Problem requirements: For this exercise, return all the data word for word, with images left out.

Records for this exercise:
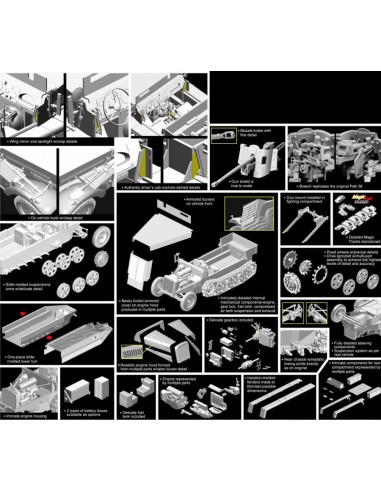 5cm PaK 38 (Sf) auf Zugkraftwagen 1t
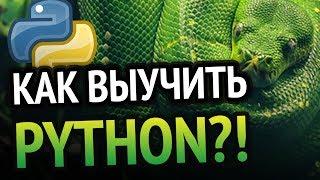 Как выучить Python? Самый аху#### способ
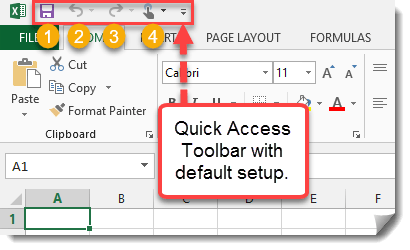 How to Customize Toolbars by Adding or Removing Buttons in Office – 2025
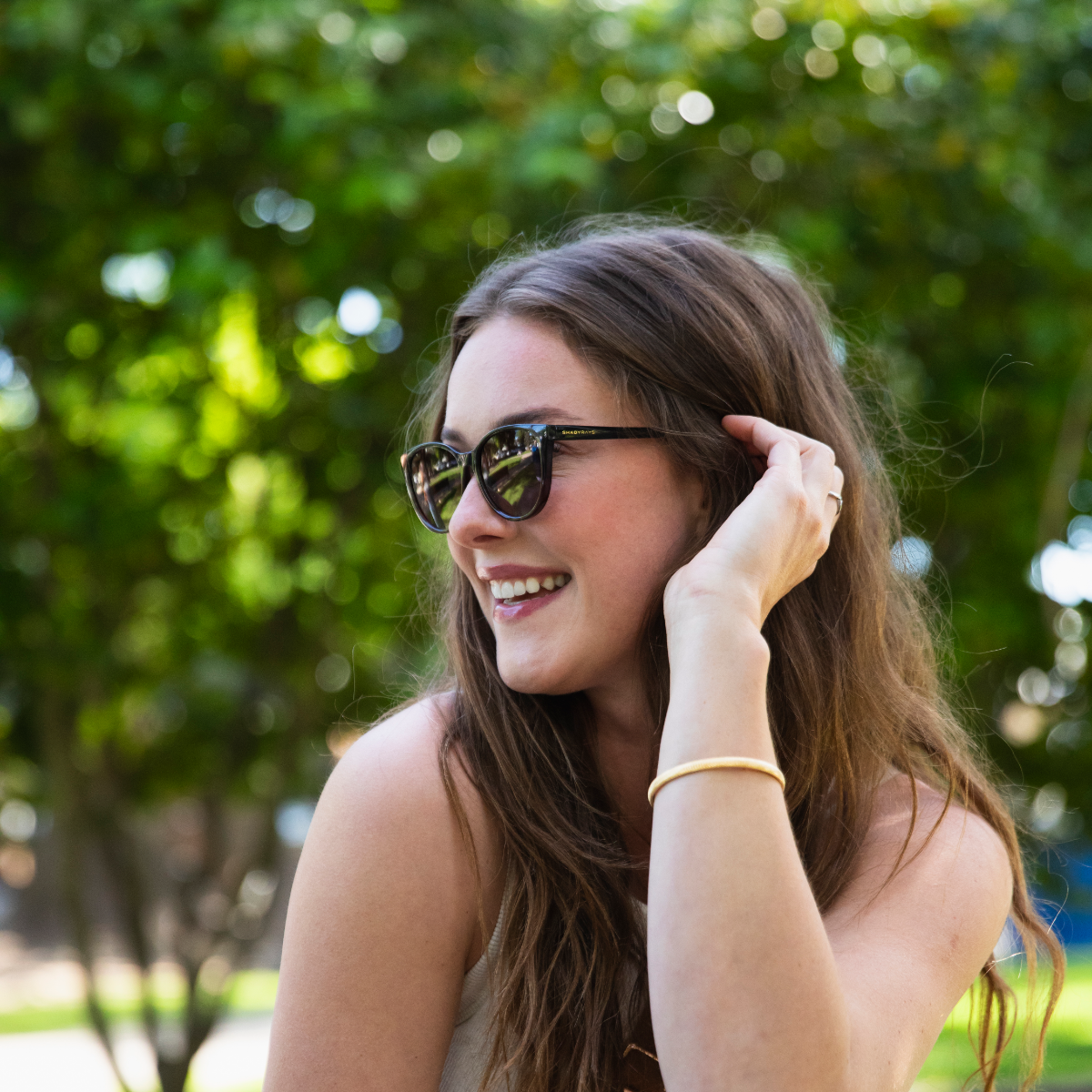 Paloma – Cherry Fade Polarized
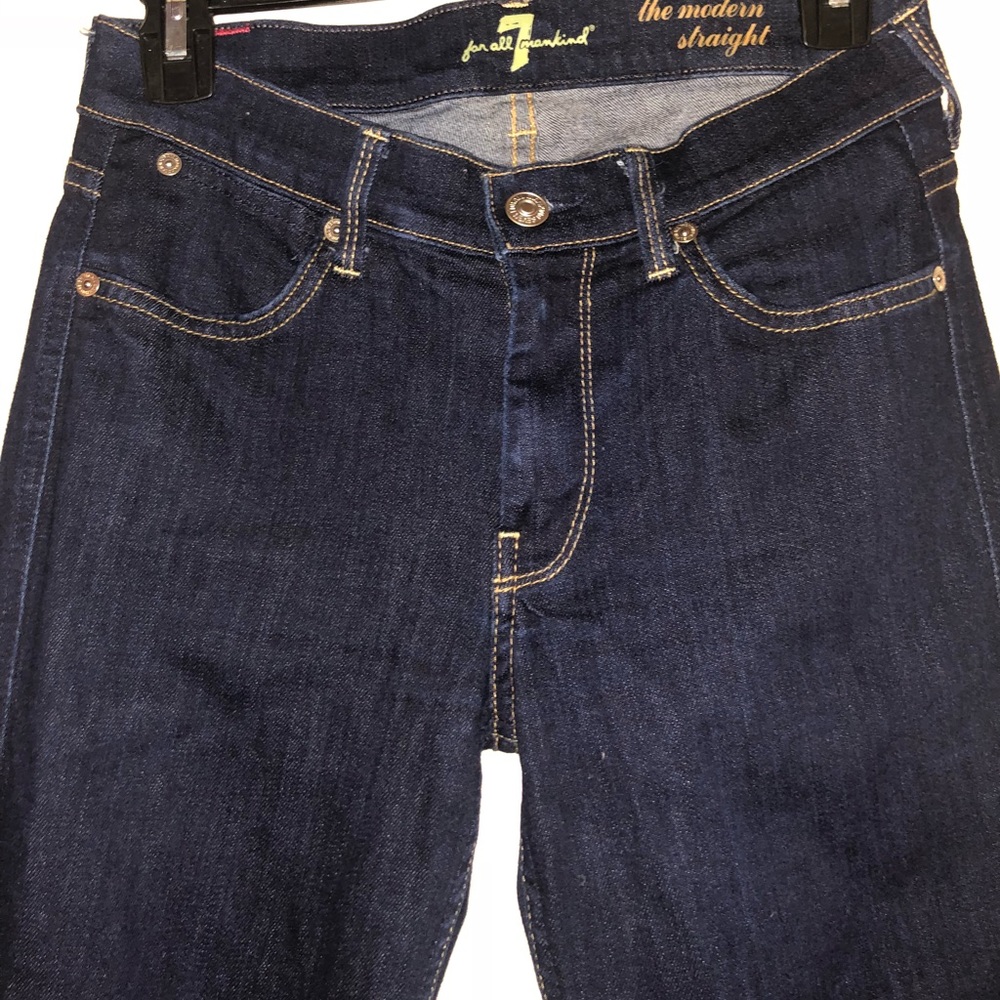 7 For All Mankind Denim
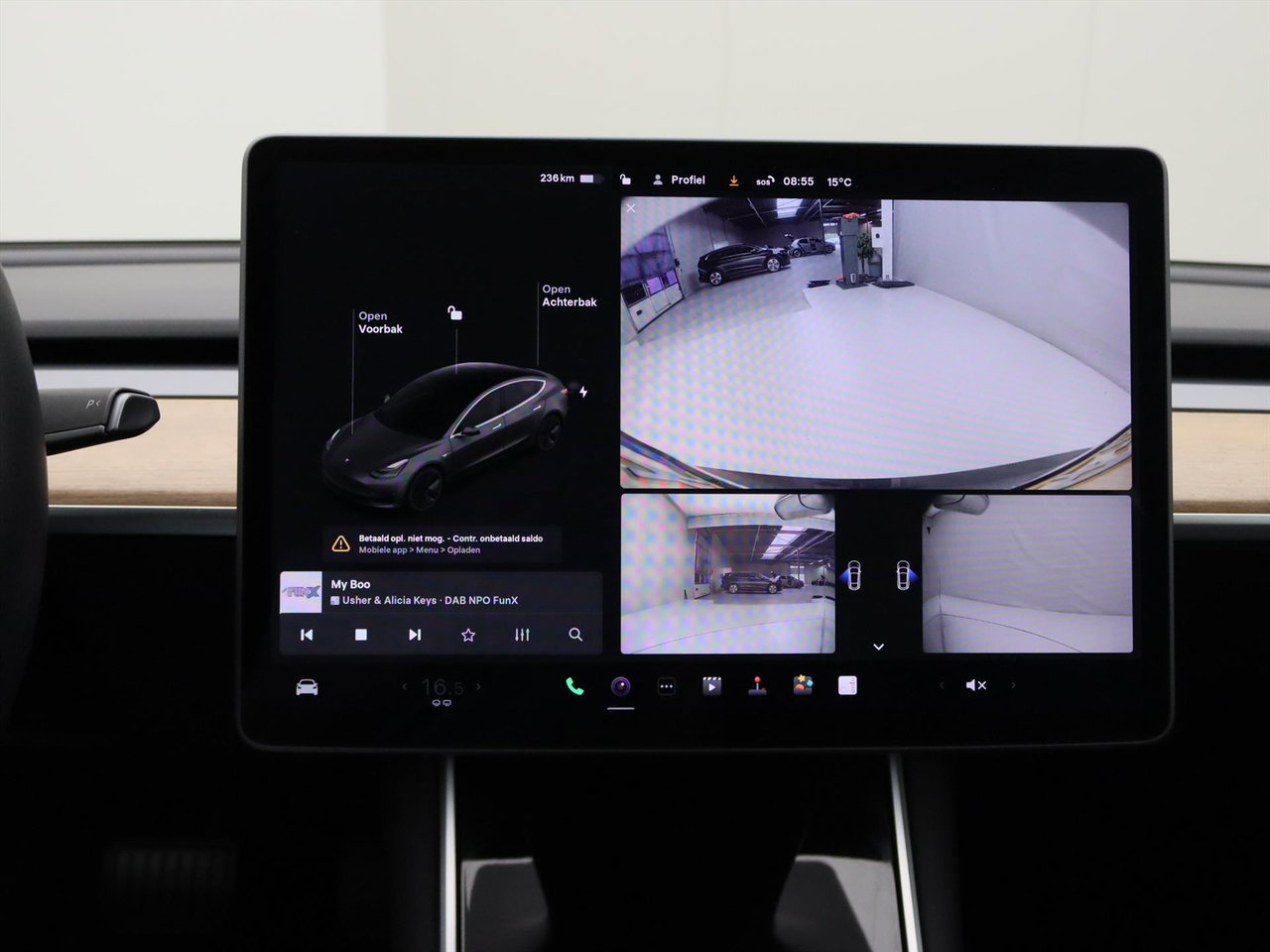 Tesla Model 3 Standard RWD Plus 91% SoH [ LFP-ACCU+AUTOPILOT+60 kWh+PREMIUM AUDIO ] 25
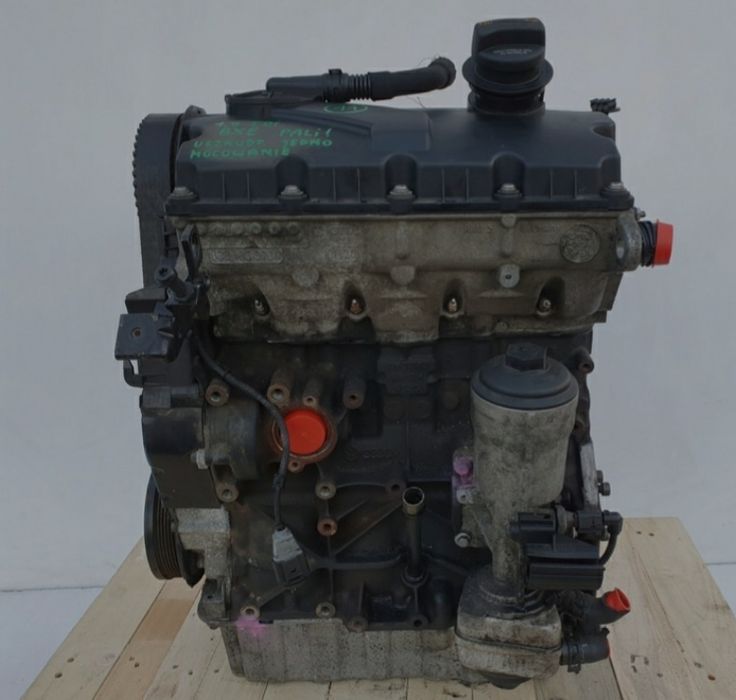 Motor 1.9 tdi BXE Audi A3/Passat B6/Golf 5+/Jetta/Golf 5/Octavia 2/Eos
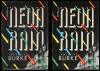 The Neon Rain - 2 copies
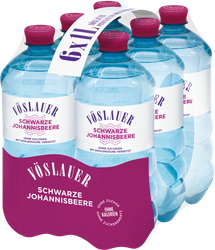 WÖsterreich Flavour Schwarze Johannisbeere 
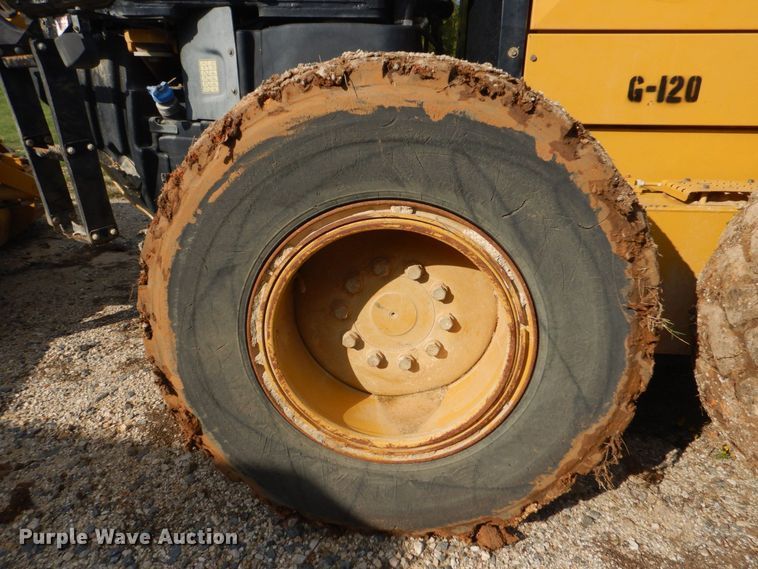 image for item DO1659 2015 Caterpillar 12M3  motor grader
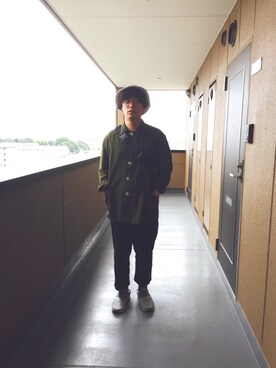 elephant booooyさんのコーディネート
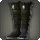 Gomphotherium Boots of Gathering
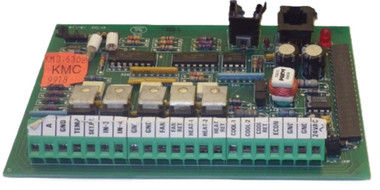 KMC Controls KMD-6302 KMDigital Controller, RTU (4x4) [Refurbished]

Problem solution:
 5cm PaK 38 (Sf) auf Zugkraftwagen 1t
 Как выучить Python? Самый аху#### способ
 How to Customize Toolbars by Adding or Removing Buttons in Office – 2025
 Paloma – Cherry Fade Polarized
 7 For All Mankind Denim
 Tesla Model 3 Standard RWD Plus 91% SoH [ LFP-ACCU+AUTOPILOT+60 kWh+PREMIUM AUDIO ] 25
 Motor 1.9 tdi BXE Audi A3/Passat B6/Golf 5+/Jetta/Golf 5/Octavia 2/Eos
 The Neon Rain - 2 copies
 WÖsterreich Flavour Schwarze Johannisbeere 
 image for item DO1659 2015 Caterpillar 12M3  motor grader
 elephant booooyさんのコーディネート
 Gomphotherium Boots of Gathering
 KMC Controls KMD-6302 KMDigital Controller, RTU (4x4) [Refurbished]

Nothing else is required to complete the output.